PROBLEM TO SOLVE: The pictures in the listing below are to be skipped, while the lines between the line holding "My deal with" and the line holding "I spotted this", inclusive, are to be output exactly.

=======

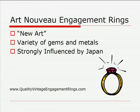Art Nouveau engagement rings — Art Nouveau actually means "new art" — were all about new designs and new styles. It was taking the classic jewelry style and bringing it to a more modern level for the time. They started using a variety of gems and metals, not limiting to a specific gemstone such as diamonds, and they used many different types of metals for the settings of these rings.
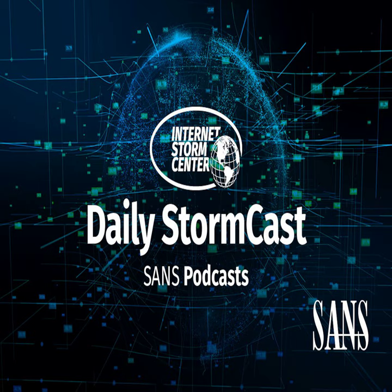Hello and welcome to the Friday, April 19th, 2020 edition of the SANS Internet Storm Centers Stormcast. My name is Johannes Ulrich and today I'm recording from Washington, D.C.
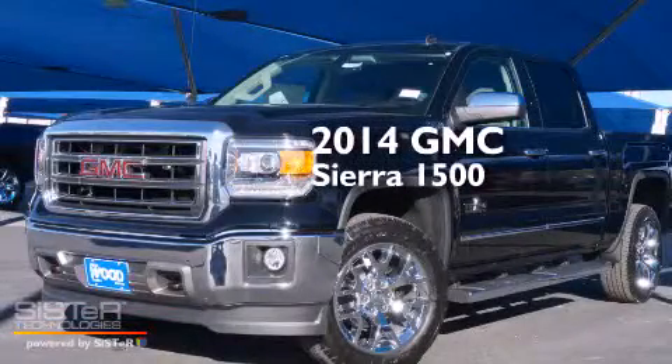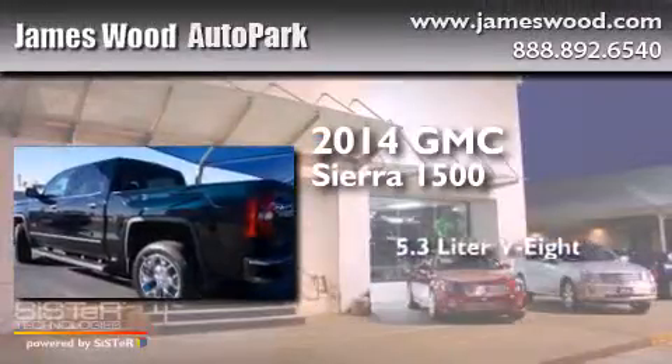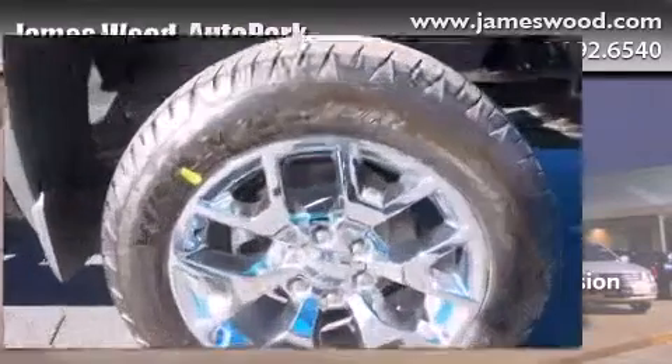This is a brand new 2014 GMC Sierra 1500. It features a 5.3-liter, eight-cylinder engine, an automatic transmission, and the added capability of four-wheel drive.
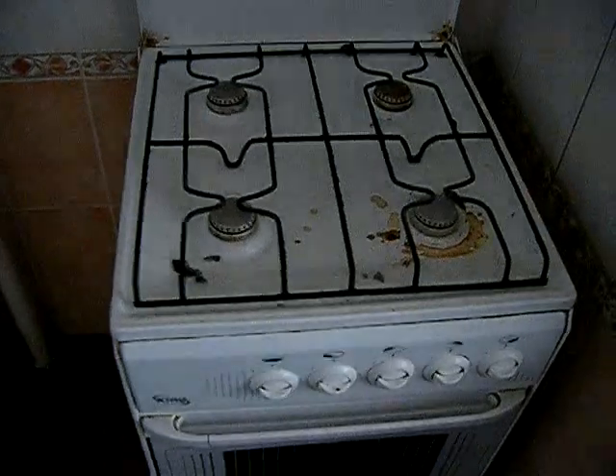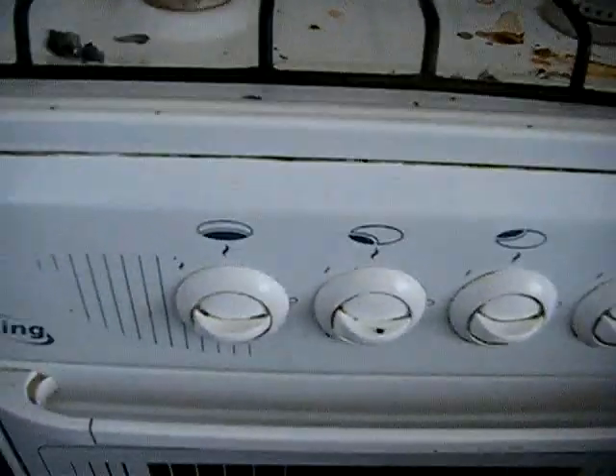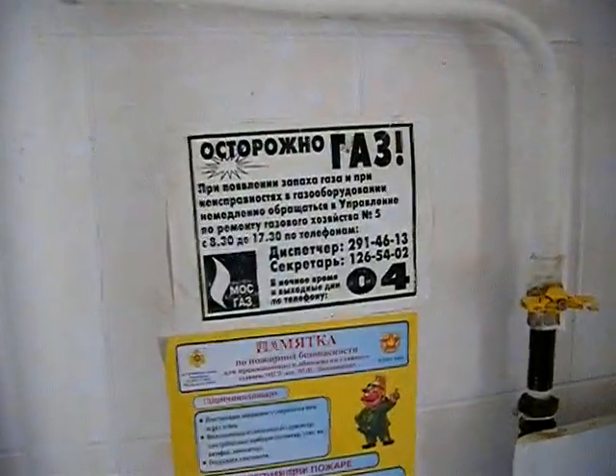You can see the stoves are old gas stoves. You can use matches to light them. Gas valves. Warning about the gas. Sink for doing dishes.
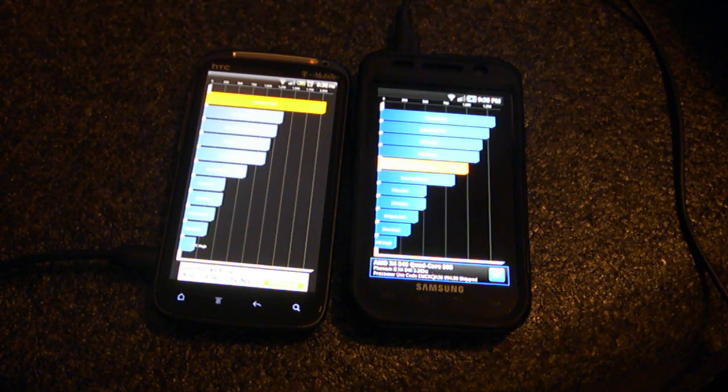As you can see, the Sensation really takes a lead with its benchmark up in the 2000s. And surprisingly, the Samsung came in at 1,009.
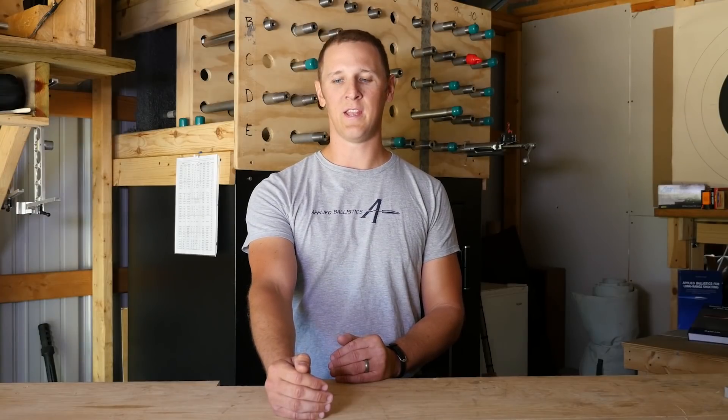My deal with long-range terminal bullet performance is that BC matters to that a lot more than you might think. Now you say, well, how can BC — that's an external performance measure — how can that affect my terminal performance? Well, the answer is in retained velocity. If you have a high BC bullet, that's going to retain velocity better over long range, and you're going to hit the target with more energy and more velocity. And that bullet is going to have better expansion characteristics at a higher velocity than one that hits the target with lower velocity.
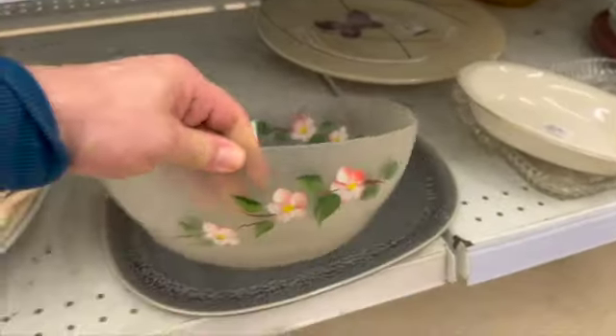I spotted this china over here — a gravy bowl and a bowl made in England. They were asking $7.99 for the bowl and $10 for the gravy bowl. That was pretty much retail.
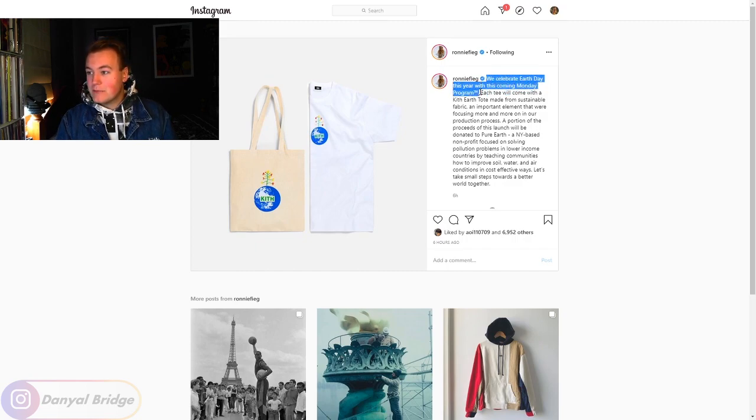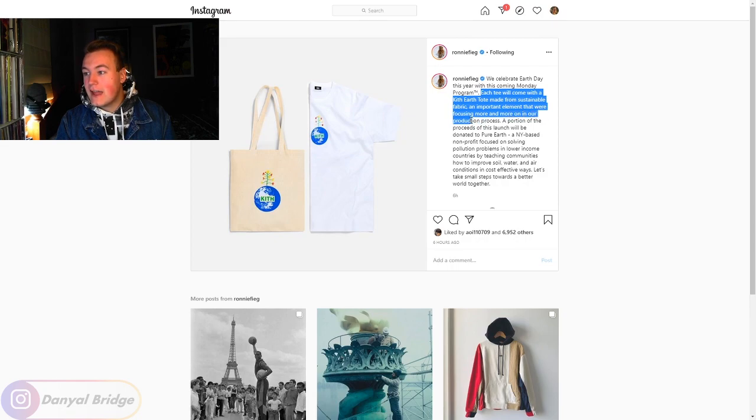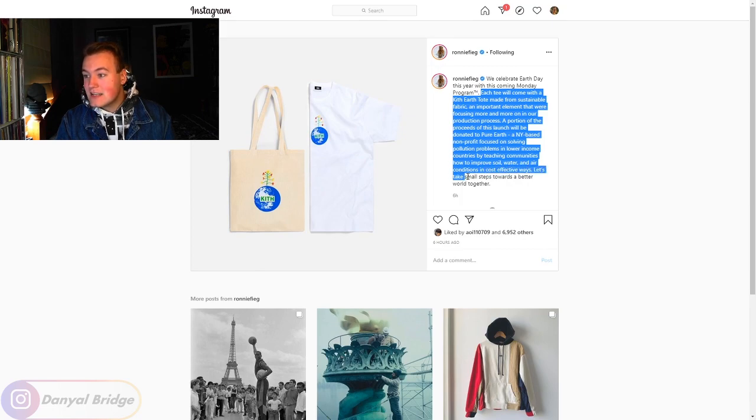Reading the post: 'We celebrate Earth Day this year with this coming Monday Program.' Each tee will come with a Kith Earth coat made from sustainable fabric — an important element that we are focusing more and more on in our production process. A portion of the proceeds of this launch will be donated to Pure Earth, a New York-based non-for-profit focusing on solving pollution problems in lower-income countries by teaching communities how to improve soil, water, and air conditions in cost-effective ways.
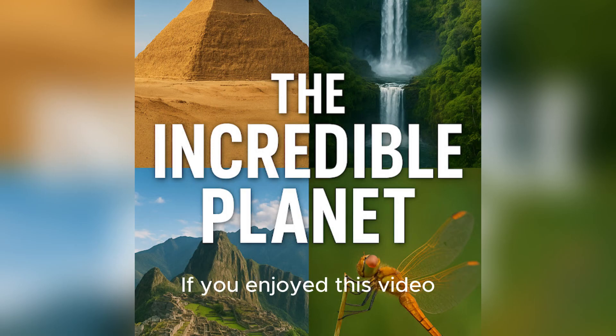Thanks for watching. Hope you learned something. If you enjoyed this video, please like, share, and subscribe. Goodbye.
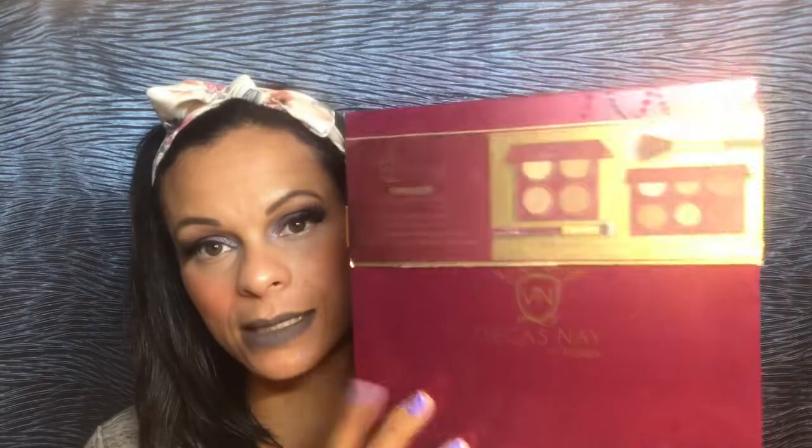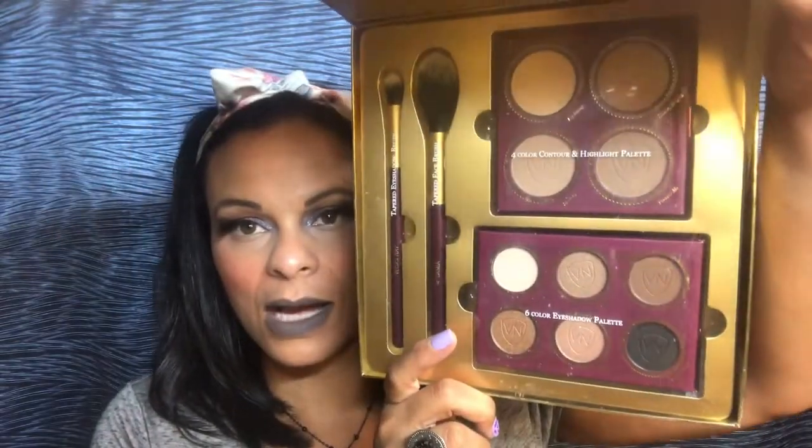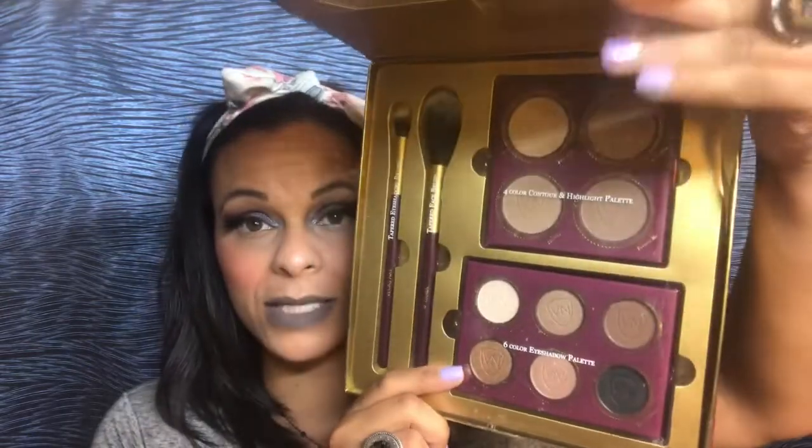Last but not least, I picked up another Profusion set — I think it's called Lamia or something. I did a first impressions video on the last Profusion set, which was a Vegas Nay collab. The brushes in that set were amazing, the eye palette was amazing, and the face palette was amazing. These brushes look great too, so I'm looking forward to using this one.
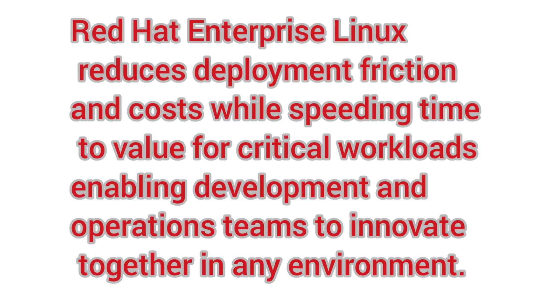Above all, Red Hat Enterprise Linux reduces deployment friction and cost while speeding time to value for critical workloads, enabling development and operations teams to innovate together in any environment.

=======

ANSWER TO THIS PROBLEM:
My deal with long-range terminal bullet performance is that BC matters to that a lot more than you might think. Now you say, well, how can BC — that's an external performance measure — how can that affect my terminal performance? Well, the answer is in retained velocity. If you have a high BC bullet, that's going to retain velocity better over long range, and you're going to hit the target with more energy and more velocity. And that bullet is going to have better expansion characteristics at a higher velocity than one that hits the target with lower velocity.
I spotted this china over here — a gravy bowl and a bowl made in England. They were asking $7.99 for the bowl and $10 for the gravy bowl. That was pretty much retail.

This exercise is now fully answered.